I had spent the previous four years at a small private Christian School, which offered academics but not sports, other than loosely defined gym classes revolving around Capture the Flag and kickball. By contrast, my large high school thrived upon competitive academics and athletics.

The summer before ninth grade, I tried out for the field hockey team, and understood immediately that I was out of my league. I had never so much as held a field hockey stick, and these girls had been playing together for three years. Not only were they experienced in the game, but they were wiser to the ways of the world, which is a fancy way of saying they formed an impassable clique. Only two of us were cut from the team: another newbie plus me. Honestly, it would have taken months for me to gain traction, and as the competition within our high school division was vicious, the coaches had neither the time nor the inclination to play catch-up. They needed the best, and pronto.

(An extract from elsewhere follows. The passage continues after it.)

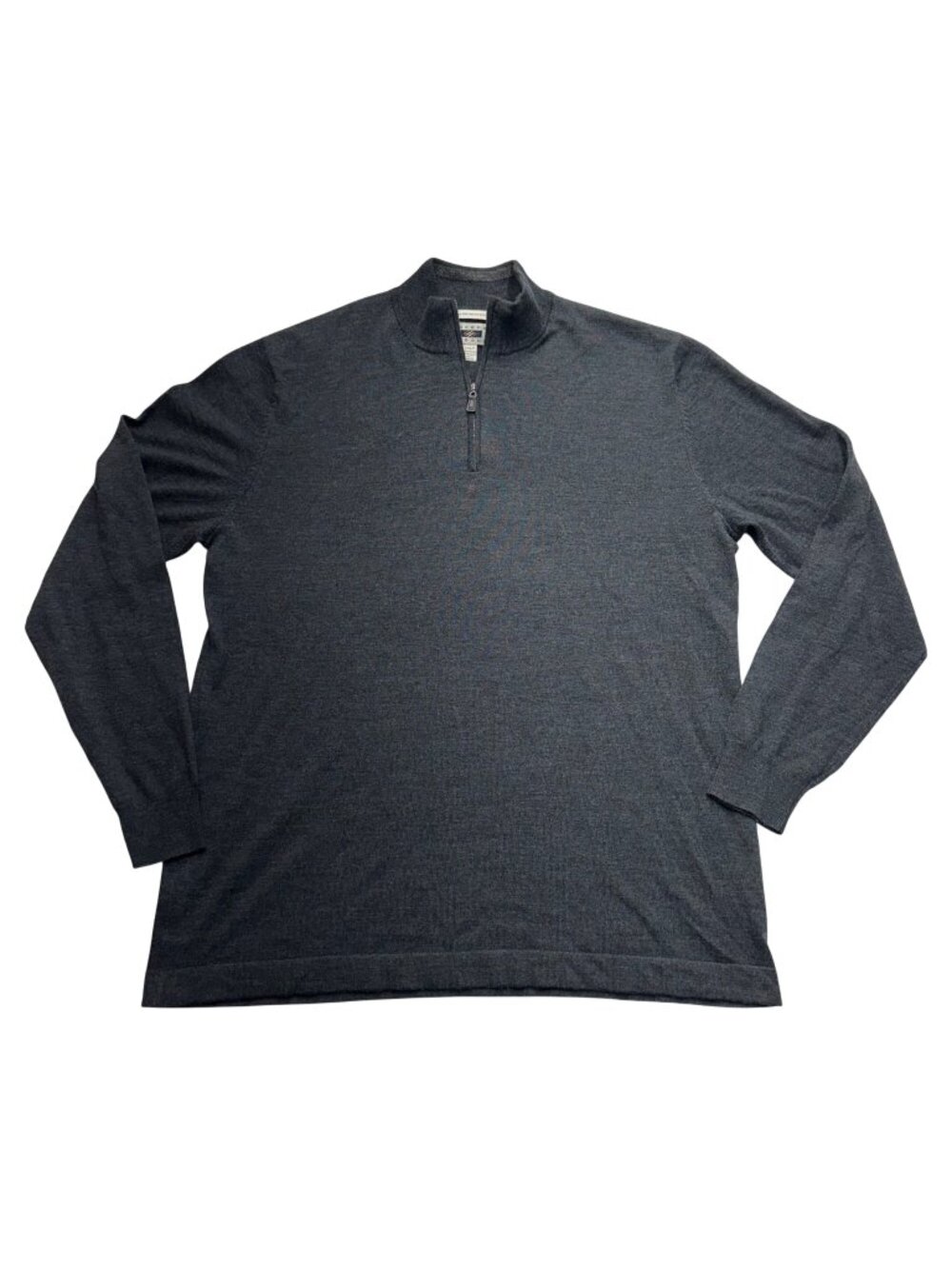 Joseph Abboud 100% Extra Fine Merino Wool Quarter Zip Sweater Size 2XL Tall Gray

I inwardly paced for the remainder of the summer, knowing full well that these girls had their own language and friendships, secret codes that sent them into fits of hysterics, laughing behind cupped hands. A mysterious and impenetrable barrier. What would high school be like? I thought, terrified.

A colonial minuteman served as mascot heralding our school motto: Don’t Tread on Me. Most people lived out those four words daily. Not only were sports essential, but academics were rigorous and competitive; on par with college academia. New England is fiercely independent, leaning heavily upon intellect and performance and self-rule. Crush or be crushed, as it goes, and Don’t Tread On Me.

While this often produces winning teams (Patriots, Bruins, Red Sox) and prestigious academic institutions (Harvard, Yale, Amherst, Colby, MIT), it also offers a deadly elixir for those lapping up this mentality. A steady drip of heart-hardening poison.

So pair all of that with the fact that I had never opened a coded locker, nor switched classes in long confusing hallways, and you can perhaps understand my stress that first week. Somehow I muddled through, wide-eyed as I sat in crowded classes with perfect strangers, limping home with burgeoning backpack and silent tears. I innately knew that I was expected to push through this difficult transition, but it hurt that my clothes were all wrong, my hair was too short, and I had braces.

To complicate matters, the most popular girl in the entire school sat directly behind me in homeroom, chomping gum and swapping boyfriend stories with her friends. She, too, was a freshman, but dated a senior, and could snap her fingers and have any boyfriend of her choosing. She wielded the power to drop friends if they crossed her, while plucking other girls as willing replacements. She was as cruel as she was pretty.

By week two she noticed me. Jiggling her foot, legs crossed, while blowing pink bubbles during homeroom announcements, she poked my shoulder. I turned.

Ewww, where did you get that sweater? So ugly.

I was devastated. That sweater was my favorite. My difficult grandmother had actually knit it for me. I adored the color and its softness, but most of all was touched that Grandma had actually done something kind.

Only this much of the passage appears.